Birkenhead-based ICE is working with national anti-smoking charities The Deborah Hutton Campaign and No Smoking Day to promote Cut Films – a competition challenging young people to make a short film about “why smoking isn’t cool”.
A pilot version of the competition last year attracted interest from many schools and youth clubs, and now Cut Films is being launched nationally. Lemar, who is already an ambassador for No Smoking Day, is helping to promote the event.
Lemar’s hits include If There’s Any Justice and Don’t Give It Up and his 2004 album, Time to Grow, achieved double-platinum status.
He said: “What really excites me about Cut Films is that this isn’t just a bunch of adults telling you what to do.

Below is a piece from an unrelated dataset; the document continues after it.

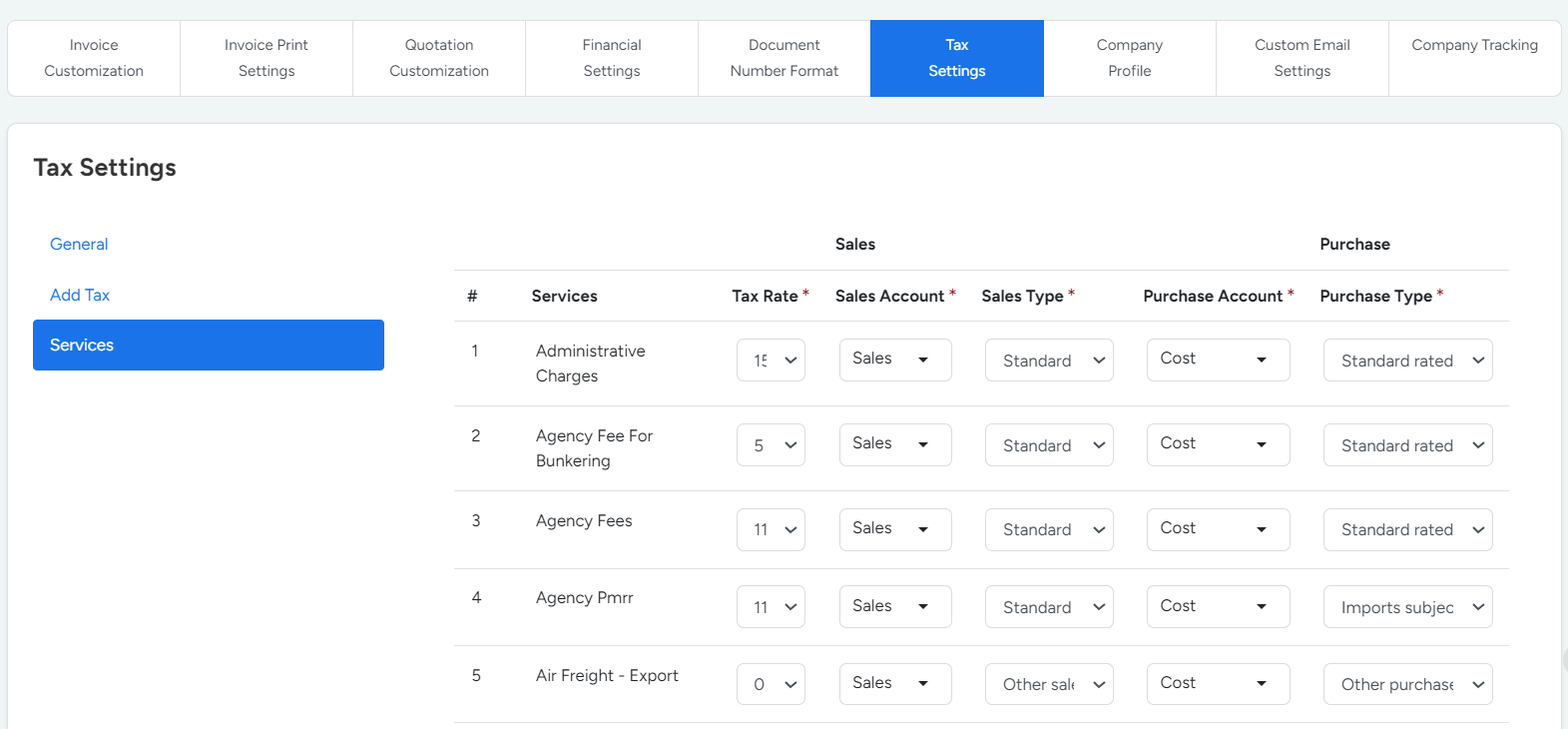 How to services in Tax Settings in Bridge LCS Ship Management Software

It’s about young people getting together, getting creative and getting to voice their own opinions on smoking.
“I’m not here to lecture anyone, but I do want to help make sure that other young people get the same good advice about not smoking that I was lucky enough to have when I was younger.
“I think Cut Films is a really great way of spreading the word that smoking isn’t cool, and I want to encourage as many people as possible to get involved.”

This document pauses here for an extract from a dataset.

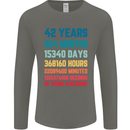 42nd Birthday 42 Year Old Mens Long Sleeve T-Shirt Charcoal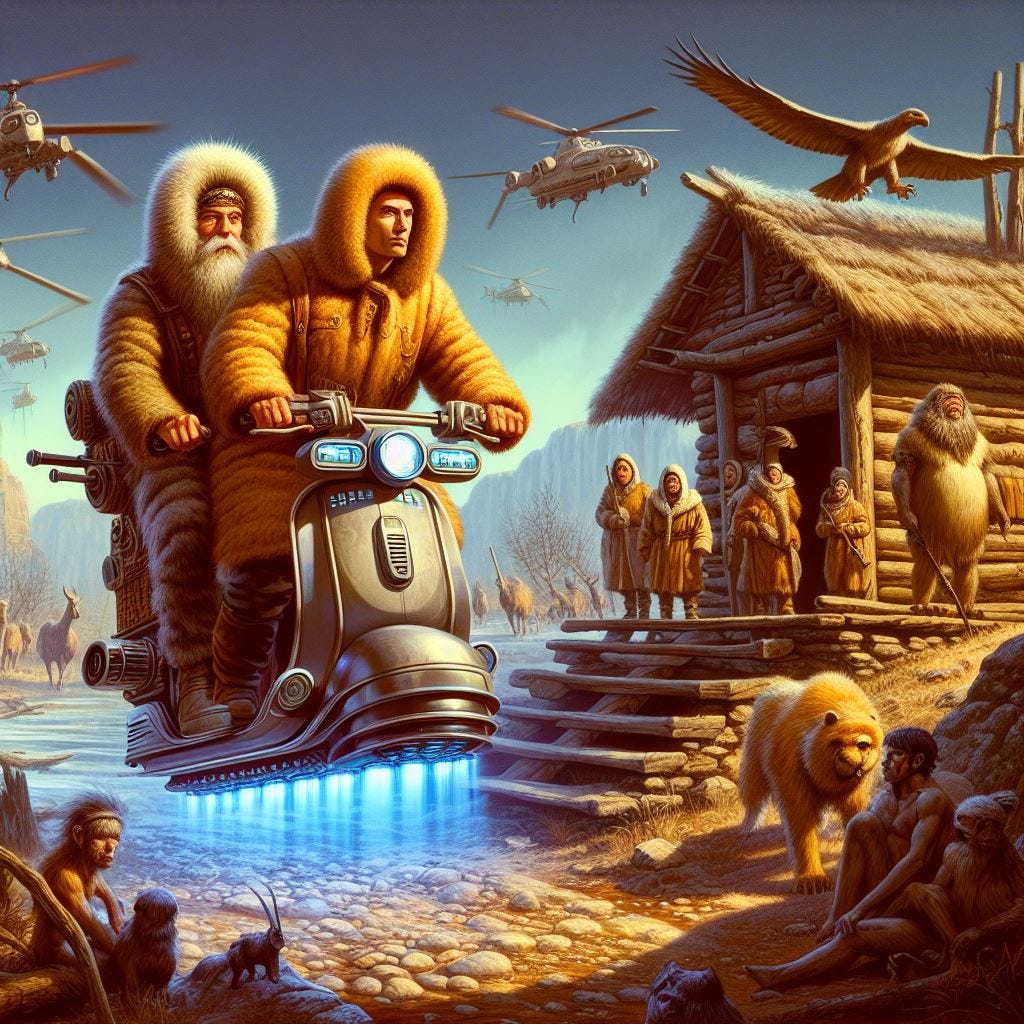 Two time-patrol men riding their time traveling scooter hovering above their Pleistocenic lodge with Cro-Magnon hunters dressed in parka looking at them sci fi magazine art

The company will be working alongside the Deborah Hutton Campaign and No Smoking Day to promote the competition among young people and health workers.
As well as promoting Cut Film through traditional media channels, ICE’s PR team have also been promoting the campaign across social media websites such as You Tube, Twitter and Facebook, with the help of a short promotional video also featuring Lemar.
The winners and runners up will be announced on No Smoking Day – Wednesday, March 9, 2011 – while the winner will have their film shown at a special awards ceremony in London later that month.
In July, social marketing specialist ICE was listed at number 11 in PR Week magazine’s list of the UK’s top 25 public sector PR consultancies.
In the last year, ICE has opened offices in Bristol, London and Newcastle, as well as winning new accounts with the Department of Health and multiple new NHS and local authority clients.
ICE says that, in its first year, its west London office won and delivered a contract a month.
Business development director for ICE in the South East, Suzanne Goldenberg, said: “As well as working in London boroughs such as Islington, Sutton and Merton, Bexley and Richmond, we’ve also been building relationships in communities on the south coast and the East of England.”